Honestly it’s such a simple answer that it’s so hard for a lot of people today to take on the initiative because of how addicting the sugars are. The only best way to put some prevention towards the resistance of insulin is to stop eating sugary foods and drinking sugary drinks.

    Now as we understand how to treat diabetes we need to understand the so what out of all that information above of why it matters and what it could mean to you. First things first we need to know just how many people can or have died previously from diabetes in a report made in 2017 made by the National Diabetes statistics report they have reported in the year 2015 they found that: “Diabetes was the seventh leading cause of death in the United States in 2015. This finding is based on 79,535 death certificates in which diabetes was listed as the underlying cause of death (crude rate, 24.7 per 100,000 persons). Diabetes was listed as any cause of death on 252,806 death certificates in 2015 (crude rate, 78.7 per 100,000 persons).” Seeing these numbers are eye opening. These numbers may seem small in the numbers of trillions of humans, but this is still a huge amounts of deaths resolved only around diabetes.

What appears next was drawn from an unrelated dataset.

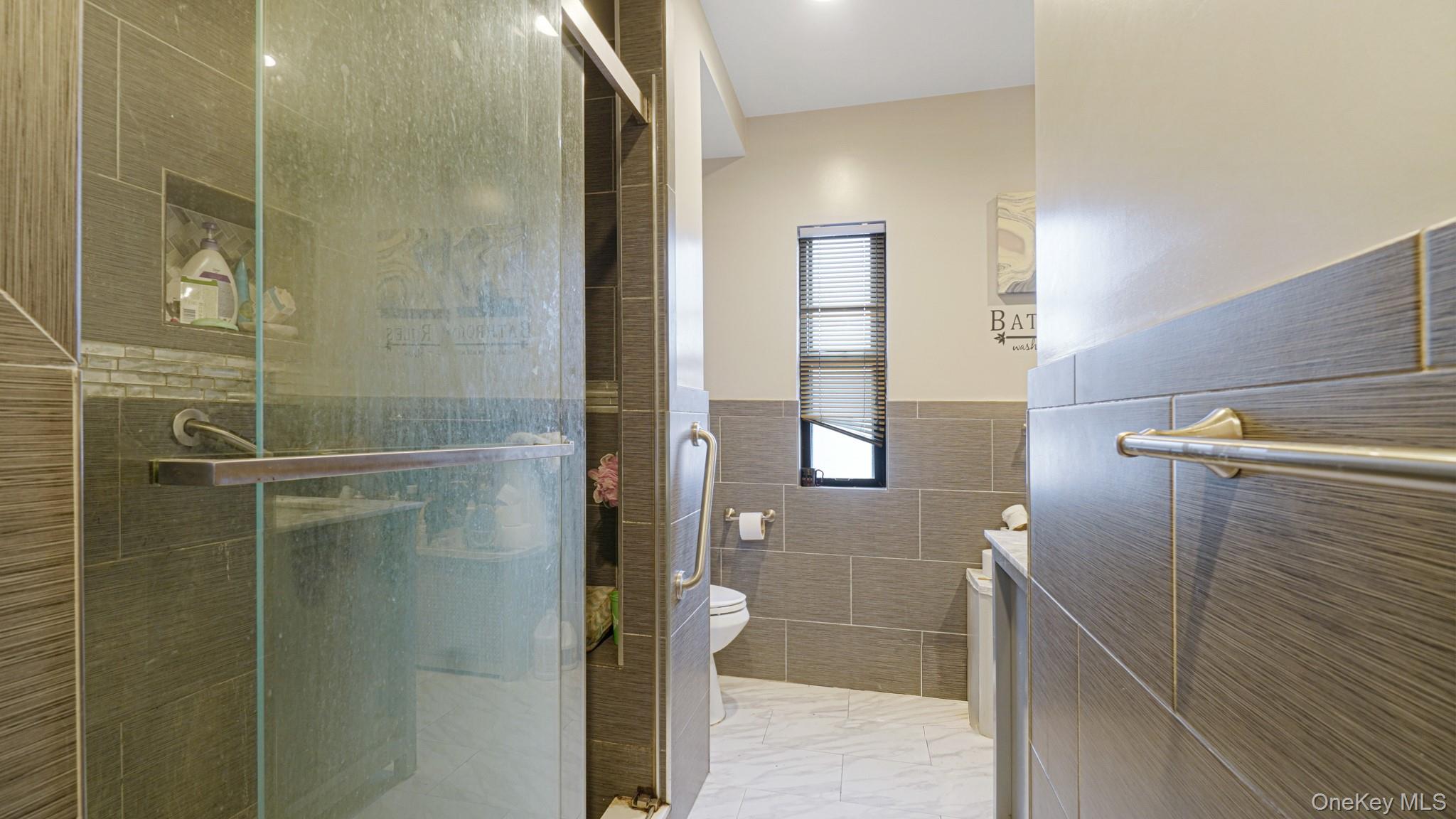 2521 Yates Avenue Bronx, NY 10469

Just think how bad the year 2018 is right now or how bad it could be. So how can we stop these increasing numbers well like I said earlier in the treatment plans we have to follow those procedures, as for people on the verge of diabetes- they just need to start eating healthier.

    Finally we have arrived at the pinnacle of the information of why this information should truly matter. I think the facts say it all diabetes is bad, you can die, it hurts. But let me give you a story of myself and how this all relates to me. I hate to admit it, but I might be on the verge of getting diabetes. why? Well the answer is simple the sugars I’ve been eating are so addictive truly they are it’s almost like a cigarette if you think about it every sugar you eat from the sugary foods is like your puff of smoke on a cigarette leading you closer and closer to a life of diabetes and heart attacks.

But knowing I have been getting closer and closer to this truth I have been doing a simple trick that could help people. It’s a piece of advice that my mother got from a counselor that I overheard. She said to not stop smoking just like that it can lead to harm to you dramatically. Same can be said with trying to prevent diabetes.

If we just flat out stop eating sugars our bodies will begin to decline in many ways our body still needs some forms of sugars, you just need to limit the intake of sugars you receive. Which is what I have been doing.

I don’t eat as much of the sugary foods as my previous self has, yes I’m still eating some really high carb meals, but that doesn’t mean I don’t walk. Everyday I head to my college usually in the morning or eating a heavy course of carbs or sugars I walk around the whole campus listening to music. Meaning I can still enjoy some of the delicious sugars while at it getting a nice thought provoking walk in on the side before class begins. All I’m trying to say is one listen to all the facts they are there to be noticed, but two to not stop completely gradually put closure to sugary treats and the high carb meals if you want to avoid the doctor and hefty hospital bill.

Work Cited

Anne, Melodie. “Do Bodies Process Carbs Differently?” Healthy Eating | SF Gate, 11 June

2018, healthyeating.sfgate.com/bodies-process-carbs-differently-3176.html.

MacGill, Markus. “Insulin Resistance: Causes, Symptoms, and Prevention.” Medical News

Today, MediLexicon International, 17 Feb. 2017, www.medicalnewstoday.com/articles/305567.php.

“Type 1 Diabetes in Children.” Mayo Clinic, Mayo Foundation for Medical Education and

Research, 16 Aug. 2017, www.mayoclinic.org/diseases-conditions/type-1-diabetes-in-children/diagnosis-treatment/drc-20355312.

“Type 2 Diabetes.” Mayo Clinic, Mayo Foundation for Medical Education and Research,

15 Sept. 2018, www.mayoclinic.org/diseases-conditions/type-2-diabetes/diagnosis-treatment/drc-20351199.